A transmissão de energia elétrica no Brasil está enfrentando um problema estrutural, provocado pela falta de investimentos e pela histórica preferência estatal por megalomaníacos projetos de geração de energia.
A despeito dos problemas que podem ser provocados por fenômenos naturais -como o raio que atingiu a subestação de Bauru (SP) na última quinta-feira e gerou um blecaute em dez Estados e no Distrito Federal- , a transmissão de energia no Brasil causa preocupação nas autoridades públicas e privadas ligadas ao setor.
"Vivemos um equilíbrio instável", disse à Folha o ministro Rodolpho Tourinho (Minas e Energia), na noite de sexta-feira.
"O sistema seria mais confiável se fossem feitos mais investimentos em transmissão", reconhece o diretor-geral da entidade privada ONS (Operador Nacional do Sistema Elétrico), Mário Santos, responsável pela gestão do setor elétrico no Brasil.

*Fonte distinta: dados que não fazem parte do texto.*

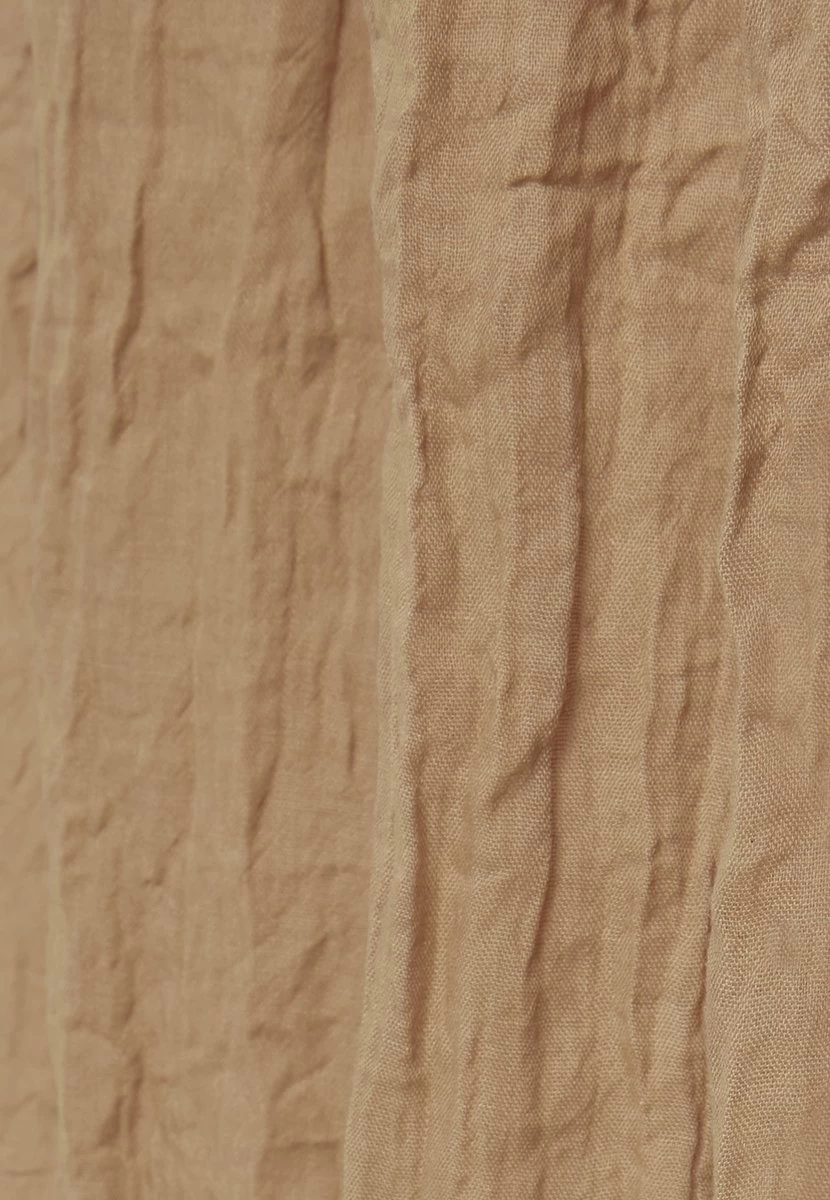 Jollein Baby Klamboe Vintage - Biscuit Jollein Baby Klamboe Vintage - Biscuit -Winkel voor babyproducten 830x1200 121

Os números de investimento reforçam a preocupação do governo e do ONS. A Eletrobrás, holding estatal do setor elétrico, deveria ter investido R$ 3,6 bilhões no ano passado (em transmissão, geração e distribuição).
Mas a política de contenção de gastos determinada pela equipe econômica permitiu que a estatal investisse R$ 2,8 bilhões em 1998 (uma redução de 22% em relação à previsão inicial).
Até 2001, o Ministério das Minas e Energia estima que serão necessários R$ 30 bilhões em investimentos para garantir uma maior tranquilidade no setor elétrico.
O ministro Rodolpho Tourinho admite que a União não tem essa capacidade de investimento. "Não temos esse dinheiro", afirma o ministro. De acordo com os planos da Eletrobrás, os investimentos específicos na área de transmissão estão estimados em R$ 6,1 bilhões -ou um quinto da situação ideal imaginada pelo Ministério das Minas e Energia.

Megalomania
Mário Santos, do ONS, lembra que o governo sempre preferiu investir em chamativos projetos de geração de energia, o que fez o Brasil ter hoje as usinas hidrelétricas de Itaipu (a maior capacidade de produção do mundo) e Serra da Mesa (cujo lago possui o maior volume de água de todo o mundo).
"A transmissão nunca foi priorizada porque o governo entendia que essa atividade não era rentável, mas uma decorrência das unidades de geração", avalia Santos, que antes de dirigir o ONS era vice-presidente da Eletrobrás.
Para ele, esse entendimento do governo irá mudar com a privatização da estatal, que está sendo desmembrada em unidades geradoras e transmissoras -apenas as geradoras serão vendidas em um primeiro momento.
"Com a cisão da Eletrobrás, o governo está vendo que a transmissão é uma atividade rentável como as demais, pois as novas empresas que estão sendo criadas demonstram que é possível obter uma boa receita com a transmissão de energia", diz o diretor do ONS.
A inevitável carência de recursos por parte da União está reforçando a idéia de privatizar a malha de transmissão, o que não está previsto no modelo de desestatização do setor elétrico inicialmente desenhado pelo governo.
O ministro Rodolpho Tourinho é um entusiasta dessa idéia. "O sistema de transmissão deve ser privatizado, pois o governo não tem dinheiro para investir no serviço e não vai ter condições de bancar as expansões necessárias", afirmou.